Until then, I'll have to satisfy my interest in what's there, I suppose. Love-starved, under-sexed emos of the world, take heart!

09 January 2009

Resolutions for a New Year: 2009 Edition

Is it too late to post my resolutions for 2009? I never write them on January 1st - I like to think about them for a while, contemplate what it is I want to do with myself after all of the sound and fury of the holidays has died down a bit. This year's goals are mainly professional, though the ubiquitous health/fitness stuff is thrown in there as well.

Some people find it juvenile and a waste of time to make New Year's Resolutions. I say we should always have goals - we should always be striving to make ourselves better, to stretch our horizons, to force ourselves to go places we've never gone before, both personally and professionally.
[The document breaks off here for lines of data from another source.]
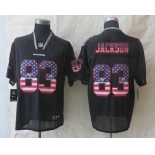 nike nfl jerseys tampa bay buccaneers #83 jackson black[Elite USA flag fashion]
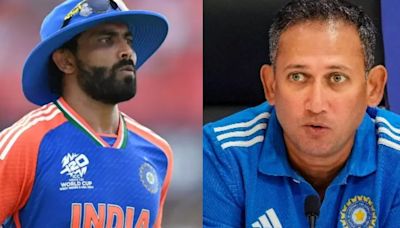 Was Ravindra Jadeja Dropped Or Rested From ODIs? Ajit Agarkar Delivers Big Verdict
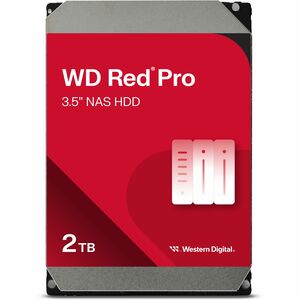 WD Red Pro 2 TB Hard Drive - 3.5" Internal - SATA (SATA/600) - 7200rpm - 64 MB Buffer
The best advice I ever heard from a self-help book/person/whatever (I don't remember the source) was this: Do something every day that scares the shit out of you.

Others deride New Year's Resolutions because they say you should make goals all of the time, that you shouldn't wait until a new year to challenge yourself. Now, I agree with this 100% -but it's important to note that a new year has psychological significance as well - it's a clear cut beginning, a line in the sand, a starting gate. The idea that I'm going to start fresh and ready to go in January helps me to relax during the holidays and not freak out that X,Y, & Z aren't getting done, that I'm slacking off to spend lots of luxurious time with my family. I know that come the beginning of the new year, when everyone goes back to school & work, I'm ready to go. Call it a mental crutch, whatever. We do what we must.

In any case, without further ado, here is the list:

1) Publish (not write, publish) 10 short stories.

2) Write a book. (Not publish, but write, polish, and send out to potential agents)

3) Read 55 books (Up from 50 last year - I ended up with 51, so I figure this is achieveable)

4) Lose 20 lbs (On everyone's list I know)

5) Run a 5K race. (Only about 3 miles - I can do this if I get consistent with my exercise routine)

So there you have it. I try to keep them within the realm of possibility. The 10 stories is ambitious, I know, since I have placed only 2 in the last year, but damnit, you gotta push hard sometimes. We'll see how it goes.